=== Exercise ===
Find the line with "Dolce & Gabbana" in the entries below, then output every line from it down to the line with "Vibrateur avec Tête", exactly and with no pictures.

=== Raw data ===
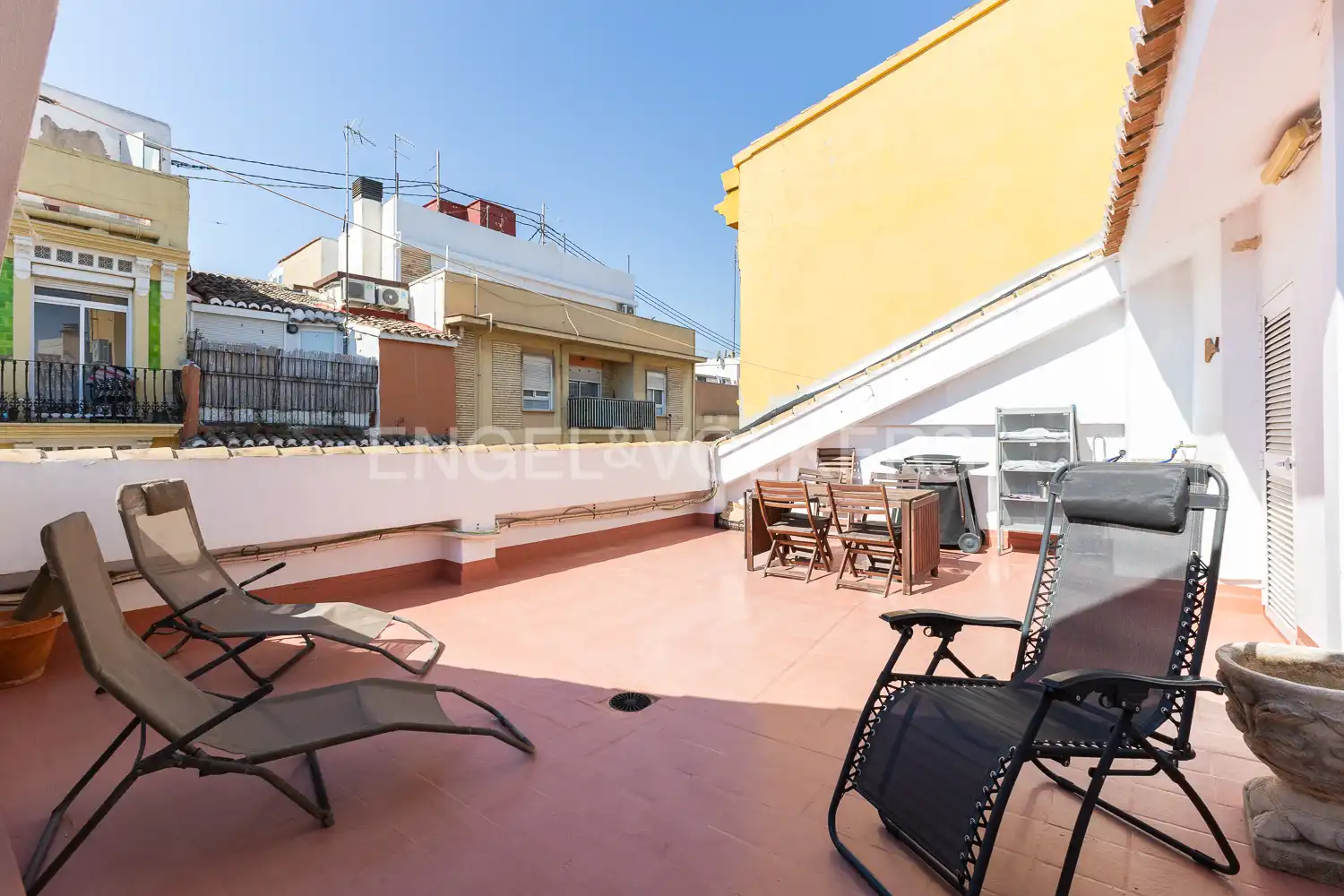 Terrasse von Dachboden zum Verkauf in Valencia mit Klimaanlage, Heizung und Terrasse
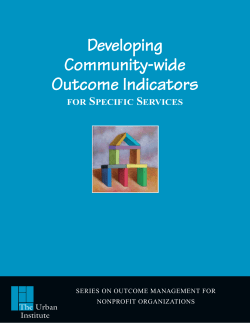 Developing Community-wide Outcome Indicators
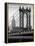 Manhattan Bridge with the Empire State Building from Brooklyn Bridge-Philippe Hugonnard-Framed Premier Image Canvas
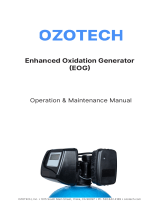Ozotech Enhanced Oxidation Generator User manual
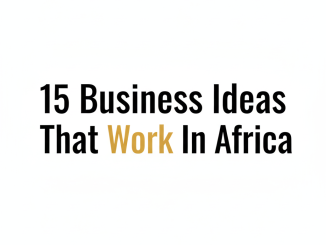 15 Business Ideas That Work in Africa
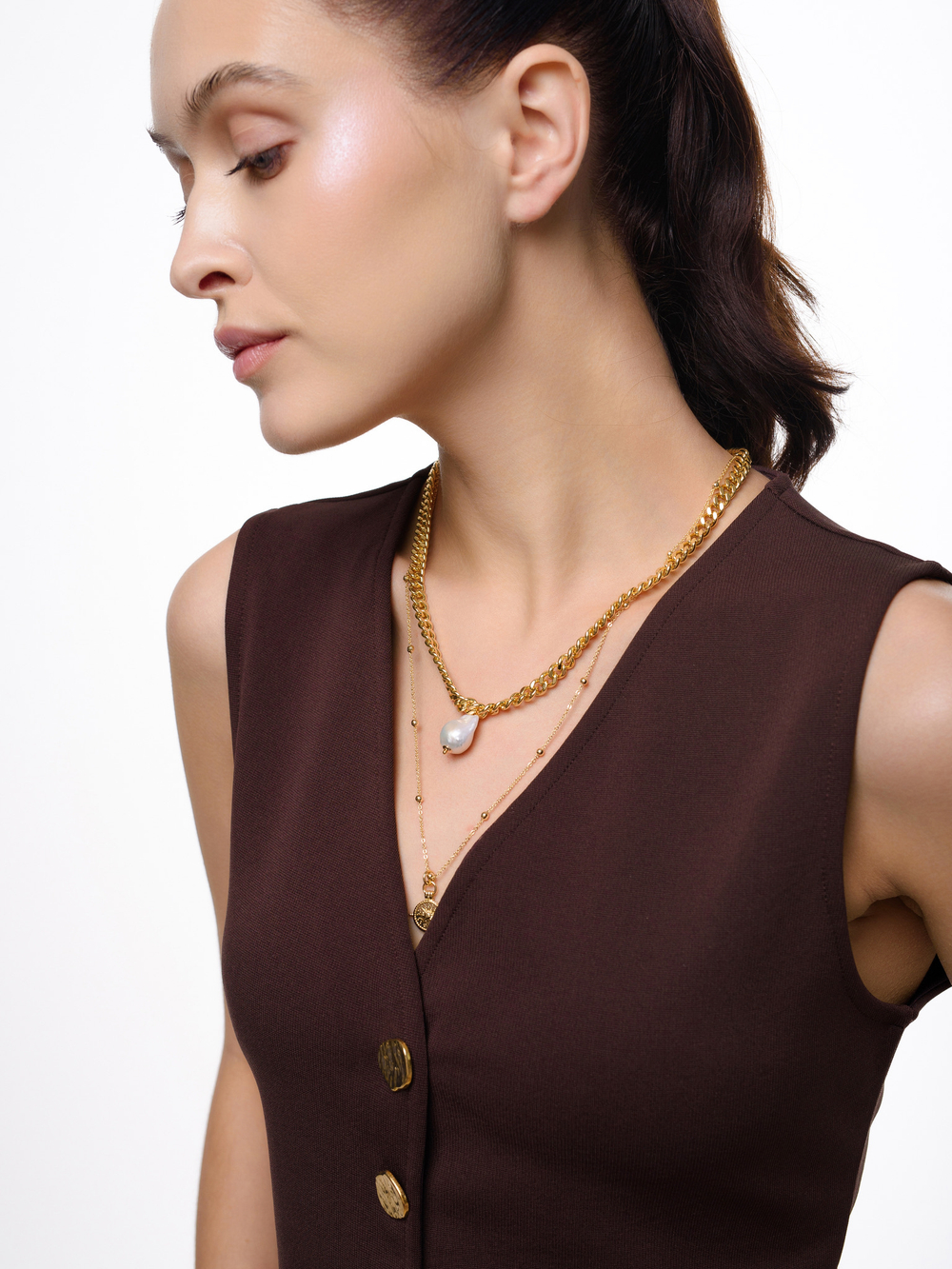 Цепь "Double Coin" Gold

* * *

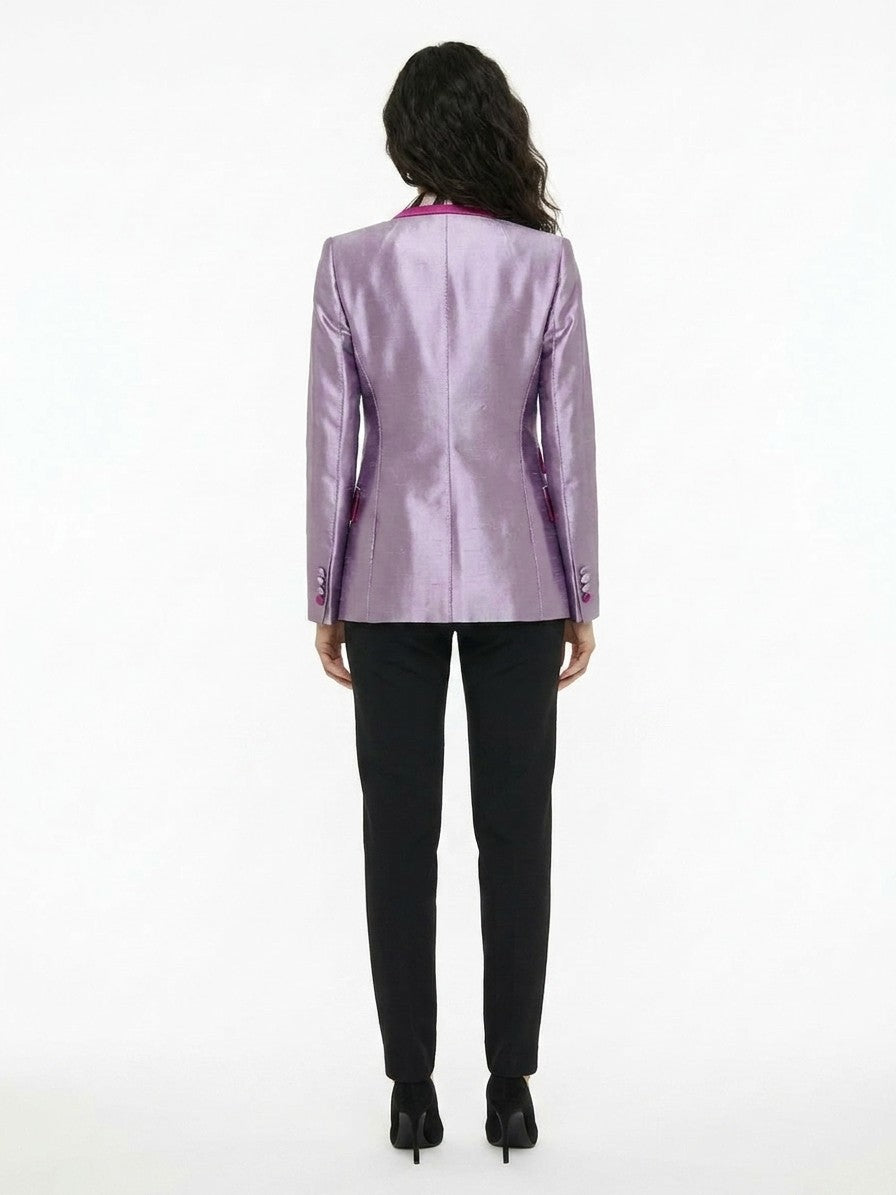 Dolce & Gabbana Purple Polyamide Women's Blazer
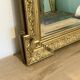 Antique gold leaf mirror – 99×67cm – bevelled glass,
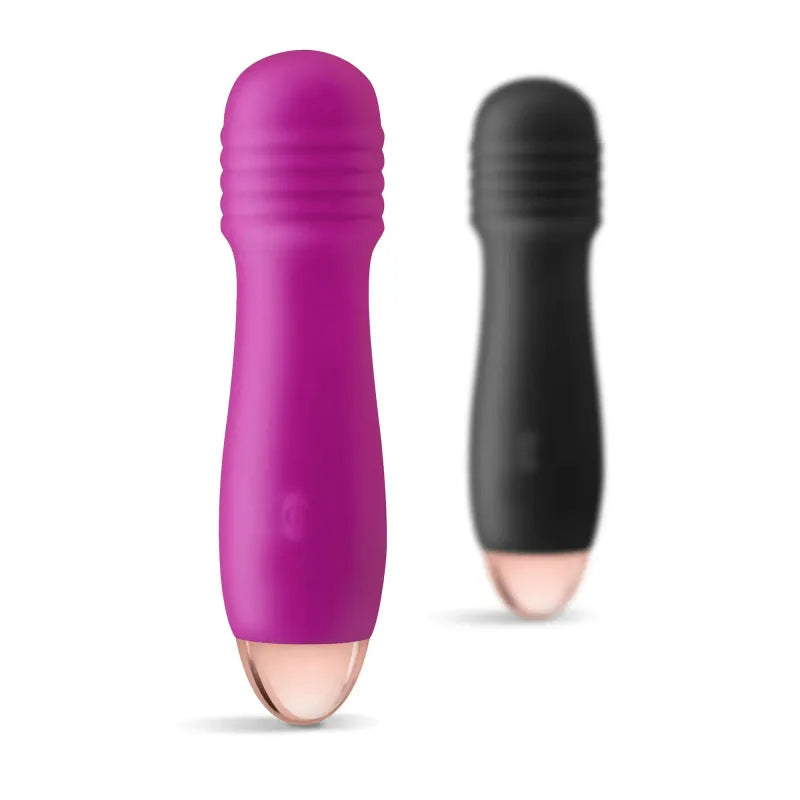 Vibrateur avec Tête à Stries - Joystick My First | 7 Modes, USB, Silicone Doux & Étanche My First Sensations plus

=== Answer ===
 Dolce & Gabbana Purple Polyamide Women's Blazer
 Antique gold leaf mirror – 99×67cm – bevelled glass,
 Vibrateur avec Tête à Stries - Joystick My First | 7 Modes, USB, Silicone Doux & Étanche My First Sensations plus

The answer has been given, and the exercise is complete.